In a mail message to the group
(<http://www.acl.lanl.gov/URI/archive/uri-94q3.messages/291.html>),
Larry Masinter called for scenarios of how the URC service might be used.
Dan Connolly seconded the call and kicked things off with an example of
bibliographic search in
<http://www.acl.lanl.gov/URI/archive/uri-94q3.messages/308.html>.

Here is my stab at responding to their requests. This was scratched out
over a Sunday afternoon, so do not take it as the definitive article on
URC usage. There are cases it does not consider and issues it leaves open
for further discussion. Your feedback is encouraged.

The document is divided into two major sections: User scenarios and
Provider scenarios. The first goes through a few scenarios of how the
service might be used by information consumers. The second is how
information providers would interact with the system. In addition, a
glossary is provided to define terms.

This document is also available as
<http://www.acl.lanl.gov/URI/Scenarios/>

Table of Contents
==================

1. User Scenarios
1. URN to URL resolution
2. Ensuring the veracity of the resource
3. Ensuring the veracity of the URC
4. Bibliographic Search
1. Updating the index
5. Filtering by Seals of Approval
2. Provider Scenarios
1. Publishing a new resource
2. Publishing a new version of a resource
3. Providing an additional location for a resource
1. Mirroring of free information
2. Mirroring of information that is for sale
3. Mirroring on a regular basis
4. Removing a location for a resource
5. Establishing a new publishing authority
6. Dealing with the demise of a publisher
3. Glossary

User Scenarios
===============

URN to URL resolution
++++++++++++++++++++++

This is the main purpose of the URC service.
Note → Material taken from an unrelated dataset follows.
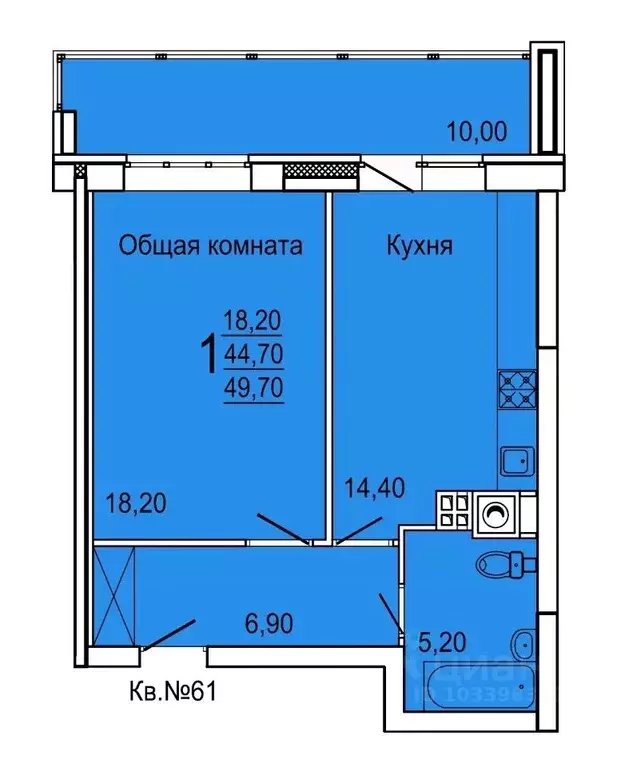 1-к кв. Тульская область, Тула ул. Седова, 20Д/1 (49.7 м) - Фото 0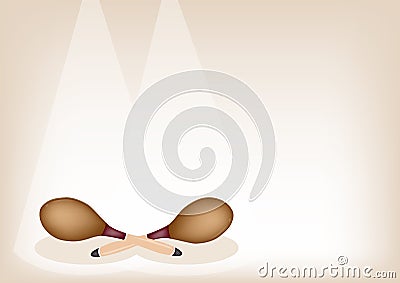 Two Beautiful Maracas on Brown Stage Background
All the other client-side
operations are, IMHO, gravy.

o User provides a URN to the browser by clicking on an anchor or
by entering text into a dialog box.

o Browser connects to the URC service and gives it the URN

o Service returns a (possibly empty) list of locations to the
browser. Each location must contain a URL. It may also contain
information on Content-Type, Cost, Signatures, etc. The list is
unordered. The means by which the service determines this list
is not an appropriate topic for the usage scenarios since it will
be invisible to the user.

o The browser uses user-configurable preferences to order the
list. For example, a user might prefer HTML to PostScript to
text. Another might prefer PDF to HTML. One user might
prefer locations that carried signature information, another
might not care. Most would prefer the cheapest version of a
resource, and the latest version. Estimated network distance is
another means for ordering the selections. If multiple locations
tie, the browser randomizes them in the list to prevent overload
of any one server.

o Once the list of locations has been put into order, the browser
attempts to retrieve the resource from the first location. If that
fails, the next location is tried. This continues until one of the
following is true:

o The browser successfully retrieves the resource
o The list is exhausted
o The user tells the browser to cancel the retrieval

o The browser displays the resource to the user, perhaps with the
aid of an external viewer.

Ensuring the veracity of the resource
++++++++++++++++++++++++++++++++++++++

An important concern voiced over the URI mailing list and in
discussions with different communities of users has been how to ensure
the veracity of a resource. This concern has been raised on both the user
and provider side. Users want to make sure that they are getting what
they are paying for, providers want to make sure that they are not
haunted by bogus versions of a resource. To ensure the veracity of a
resource, the Location information provided by the URC service can
carry a signature of the resource. There are a couple of ways that the
user could have the browser verify the information. One is for the
browser to provide a graphical indication of the fact that a resource has
some signature information. The user then takes an explicit action to
start the verification procedure. Another approach is detailed below.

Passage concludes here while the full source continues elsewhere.